Белые и синие, стр. 6

Однако, вспомнив, что тот, кто наводит ужас на других, призван стать его покровителем, мальчик тотчас вновь обрел спокойствие; поразмыслив немного, как завязать разговор, он усмотрел в устрицах, которых поглощал Шнейдер, повод для начала беседы.

— Rara concha in terris note 1, — промолвил он с улыбкой своим нежным голосом.

Евлогий повернулся в его сторону.

— Не хочешь ли ты случайно этим сказать, мальчуган, что я аристократ?

— Я ничего не хочу сказать, гражданин Шнейдер, но я знаю, что ты ученый, и, для того, чтобы ты обратил внимание на меня, бедного юнца, которого ты не соизволил заметить, я решил сказать несколько слов на знакомом тебе языке; в то же время это изречение одного из твоих любимых авторов.

— Право, неплохо сказано.

— Будучи рекомендованным Евлогию в гораздо большей степени, чем гражданину Шнейдеру, я должен стать таким оратором, чтобы оказаться достойным этой рекомендации.

— Кто же тебя послал? — спросил Евлогий, повернув стул таким образом, чтобы смотреть в лицо мальчику.

— Мой отец, вот его письмо.

Евлогий взял письмо и, узнав почерк, воскликнул:

— А-а! Это от старого друга!

Затем он прочел письмо от начала до конца.

— Твой отец, — продолжал он, — наверняка один из тех редких людей нашего времени, что пишут по-латыни безупречнейшим образом.

Протянув мальчику руку, он сказал:

— Хочешь позавтракать со мной?

Шарль окинул стол взглядом и невольной гримасой явно выдал свою неприязнь к столь роскошной и вместе с тем скудной трапезе.

— Ну да, я понимаю, — промолвил Шнейдер со смехом, — твоему юному желудку требуется нечто более существенное, чем анчоусы с маслинами. Приходи к обеду, я обедаю сегодня в тесном кругу, с тремя друзьями. Если бы твой отец был здесь, он стал бы четвертым, но ты его заменишь. Ну что, выпьем по стаканчику пива за здоровье твоего отца?

— О! С радостью! — воскликнул мальчик, хватая стакан и чокаясь с ученым.

Однако, поскольку это была огромная кружка, он смог опорожнить ее лишь до половины.

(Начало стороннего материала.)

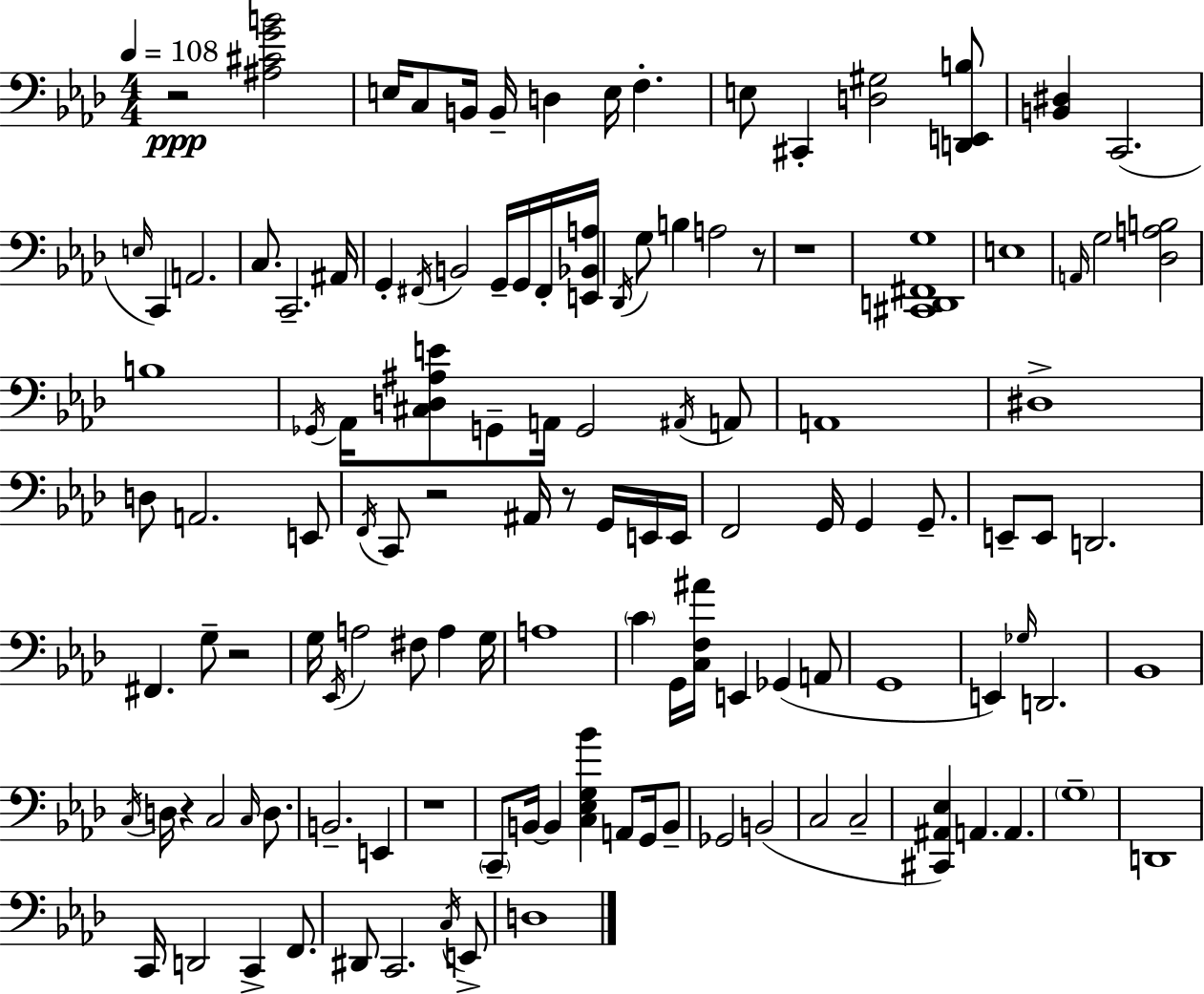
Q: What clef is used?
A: bass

— Ну, что же ты? — спросил Шнейдер.

— Мы выпьем остаток немного погодя, в честь Республики, — ответил мальчик, — но эта кружка могла бы быть чуть-чуть поменьше, чтобы я мог осушить ее залпом.

Шнейдер посмотрел на него не без дружелюбного интереса.

— Право, ты очень мил, — сказал он.

В этот миг старая служанка принесла немецкие и французские газеты.

— Знаешь ли ты немецкий? — спросил Шнейдер.

— Ни слова.

— Не беда, тебя научат.

— В придачу к греческому?

— В придачу к греческому; так ты стремишься овладеть греческим?

— Я ни о чем другом не мечтаю.

— Попытаемся исполнить твое желание. Держи, вот французский «Монитёр», прочти его, пока я буду читать «Венскую газету».

На миг воцарилась тишина; оба наших героя погрузились в чтение.

— О-о! — вскричал Евлогий и прочел вслух: «В этот час Страсбур, должно быть, уже взят, и сейчас наши победоносные войска, вероятно, находятся на пути в Париж». Они не берут в расчет ни Пишегрю, ни Сен-Жюста, ни меня!

— «Передовые оборонительные сооружения Тулона в наших руках, — принялся читать Шарль в свою очередь, — не пройдет и трех-четырех дней, как мы овладеем всем городом и Республика будет отомщена».

— За какое число твой «Монитёр»? — спросил Евлогий.

— За восьмое, — ответил мальчик.

— О чем там еще говорится?

— «Шестого, во время заседания, Робеспьер зачитал ответ на манифест государств, вступивших в коалицию. Конвент приказал опубликовать этот ответ и перевести его на все языки».

— Что еще? — спросил Шнейдер. Мальчик продолжал читать:

— «Бийо-Варенн объявил седьмого, что мятежники Вандеи, попытавшись завладеть Анже, были разбиты и вытеснены местным гарнизоном, к которому присоединились жители города».

— Да здравствует Республика! — воскликнул Шнейдер.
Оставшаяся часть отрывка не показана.